Selbst der SPIEGEL, der in einem weit ausgreifenden Text versucht klar zu machen, dass „die Deutsche“ und „die Deutschen“ austauschbar seien, verweist zum Schluss dann doch auf eine Tabelle, in welcher eindeutig ausgewiesen ist, dass im „bestimmten“ Plural nur von „den Deutschen“ gesprochen, geschrieben, geredet und hohl getönt werden kann.
Vermutlich wird ein Wanderer des Weges kommen, von sich behaupten, Germanist und Sprachgelehrter und Mitglied der Dudenredaktion zu sein, woselbst man festgelegt habe, es gäbe zwei Formen, nämlich eine starke („wir Deutsche“) und eine schwache („wir Deutschen“) und dass es jedem selbst überlassen bleibe, welcher Form er den Vorzug gibt.
Die starke Form!
War da nicht mal was, wie hieß der doch gleich? Matthias Koeppel.
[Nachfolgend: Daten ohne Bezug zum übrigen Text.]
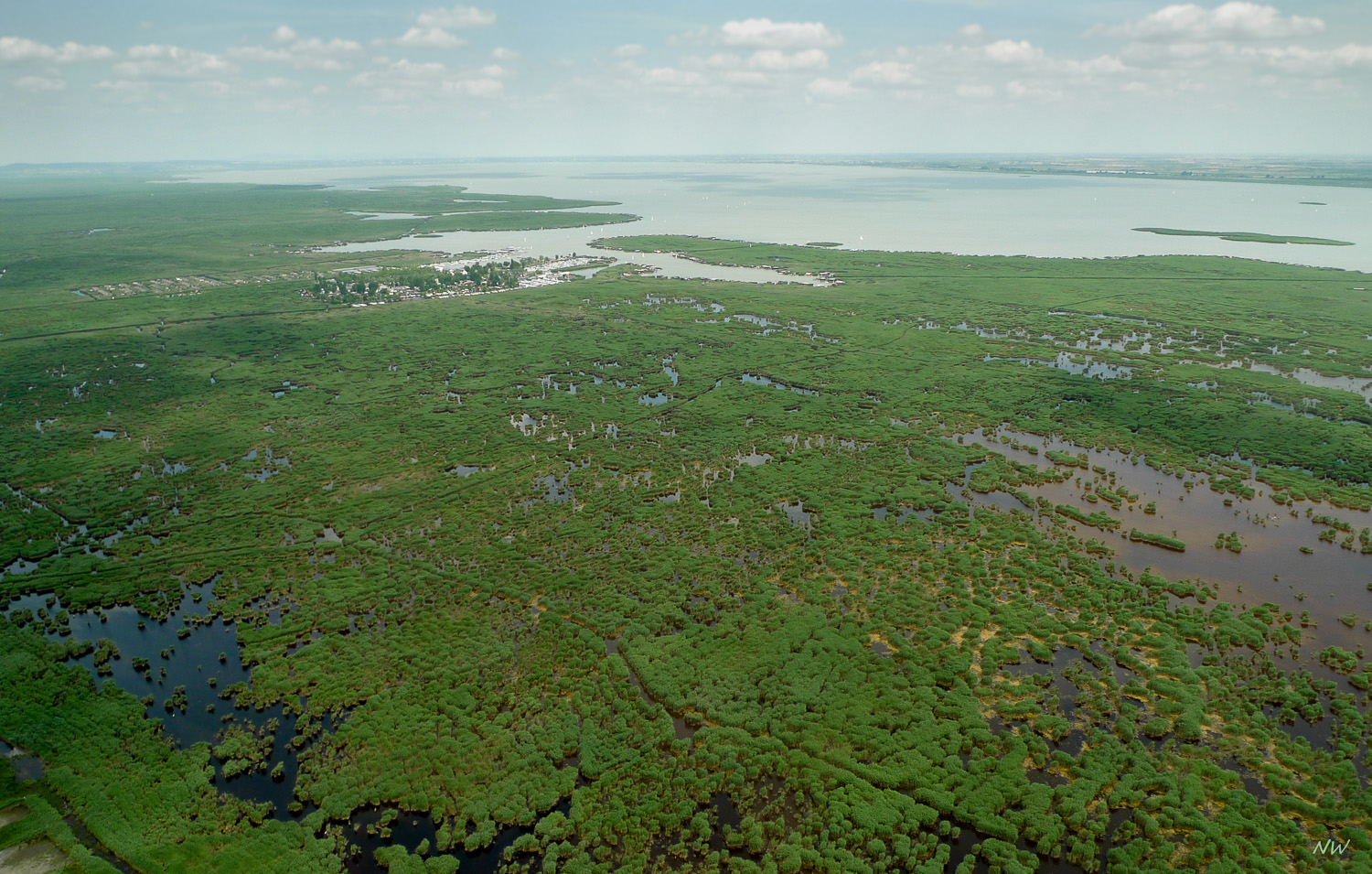 Schilfgürtel am Neusiedlersee - 1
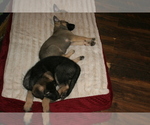 Small Photo #6 Akita-German Shepherd Dog Mix Puppy For Sale in MOODUS, CT, USA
So hieß der – und der hat das „Starckdeutsch“ erfunden, und auf starckdeutsch gedichtet, zum Beispiel über die Architekten:
Arr, di Arr; di Arrckitucktn –
jarr, di sünd tautul pfarrucktn.
Pauhn onz euburoll Quaduren,
vo se gurrnücht henngehuren.
Vn demm Hurz büsz ze denn Ullpn
snd di Häusur steitz di sullpn.
Duch di Arrckitucktn tschumpfn:
Onzre Pauhörrn snd di Tumpfn!
Olle zullte mon kastruren,
düßße auff ze pauhin huren;
odur stott ünn rachtn Winkuln
se dönn pauhin, wi se pinkuln.
Die beiden letzten Zeilen verweisen klar auf Friedensreich Hundertwasser und seine Starckbauweise:
Ich hoffe nur, dass „Wir Deutsche“, nach der fast rückstandslosen Tilgung des Genitivs (was schon ungefähr 25% Sprach- und Verständnisverlust mit sich gebracht hat), nicht etwa als der nächste folgenschwere Schritt hin zu einem immer stärkeren Deutsch gedeutet werden muss, das sich mit Riesenschritten auf die frühzeitlichen Grunzlaute der Neandertaler zubewegt und sich jeder entzifferbaren schriftlichen Darstellung noch mehr entzieht als jenes „Schreibe was du hörst!„, mit dem mindestens einer Generation von Grundschülern in bestimmten Bundesländern die Legasthenie förmlich eingebleut wurde.